You seem to be misunderstanding the guidelines against flamewar and political battle on HN. Your comment clearly broke them and you've done this many times before. This sort of thing is obviously flamewar:
The same government and the ruling party on their claimed achievements -- how dare you question our rock solid reliable numbers. You must be a traitor, unpatriotic, anti-national, tukde-tukde-gang-urban-naxal-protest-jeevi, why dont you go to Pakistan.
We need you not to do that here regardless of how wrong someone else is or you feel they are. Actually your entire comment was flamewar - using sarcasm to sharpen political points, ridiculing opponents, and so on. None of that is ok, and being right (or feeling that you are right) does not entitle you to do it.
Dan I respectfully disagree. It may appear to be sarcasm, I wish it was, it is however entirely and quite dryly literal, multiple statements by cabinet ministers, members of the parliament, official party spokesmen would adequately demonstrate that.
The purpose of adding a link to a Google query was to address this specific misapprehension and criticism. Those are literally the official responses by the representatives of the government.
It only goes on to show how bad the situation is that lifting statements from the official party line gets interpreted as bad faith sarcasm.
To give an example, if I write
Early Indian scientist unsullied by western corruption could transplant face of an elephant on a human being. -- Indian Prime Minister.

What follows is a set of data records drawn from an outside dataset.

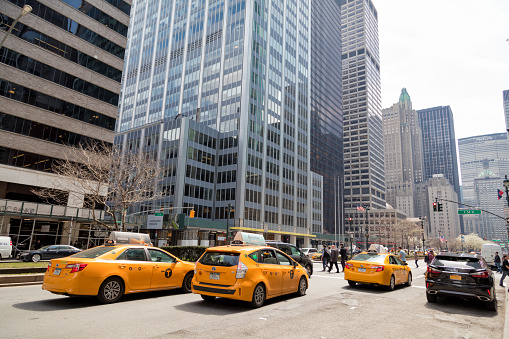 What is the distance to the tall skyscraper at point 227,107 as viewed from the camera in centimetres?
6444

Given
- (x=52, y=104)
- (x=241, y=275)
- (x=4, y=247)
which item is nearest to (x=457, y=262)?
(x=241, y=275)

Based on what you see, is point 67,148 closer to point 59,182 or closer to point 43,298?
point 59,182

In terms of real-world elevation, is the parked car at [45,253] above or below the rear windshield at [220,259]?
below

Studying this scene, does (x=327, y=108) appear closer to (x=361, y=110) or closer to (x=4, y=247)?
(x=361, y=110)

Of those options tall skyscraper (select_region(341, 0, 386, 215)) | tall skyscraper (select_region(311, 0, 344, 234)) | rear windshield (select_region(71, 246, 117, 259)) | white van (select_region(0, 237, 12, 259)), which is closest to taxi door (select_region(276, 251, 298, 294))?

That may appear to be sarcasm, but that's the PMs publicly aired belief. Similarly, wallowing in cow dung and drinking cow urine can prevent/cure Covid is a publicly aired belief of many members of the Indian parliament coming from the ruling party. Problems are exacerbated by the fact that they now have megaphone and people close to their agenda defend them on forums using the idea than any disagreement is sourced from antinationalism, Hindu phobia, proximity to Islam or communism or Pakistan as an argument.
I don't think 'both sides were at fault' does justice.
We've asked you before not to post like this: https://news.ycombinator.com/item?id=25985903. If you do it again we will have to ban you. Religious and nationalistic flamewar is not welcome on HN, and doubly so in the form of cheap drive-by comments. No more of this, please.
Edit: it was even the same user you were flaming. This is seriously not cool.
That what happens if you let tolerate those kind of comments. Stupid false blatant false info are upvoted. If you try to answer civilly then you are donwvoted. I could have left it, but choose to indulge. You can ban me, anyway that would stop me getting involved in these petty situations. I don't anyway contribute much, just here for some tech news.
btw you implied i would be banned, but not the other user. What makes me special?
Edit: since people downvote anything that goes against their narrative, here’s a link.
> “For eight days, there was not a single grain in our house to eat and my sister became very weak during this time,” reflects Pooja Kumari, 15.
> “We were all worried about her deteriorating condition but due to our lack of money, we could neither feed her or get her treated at any nearby hospital.”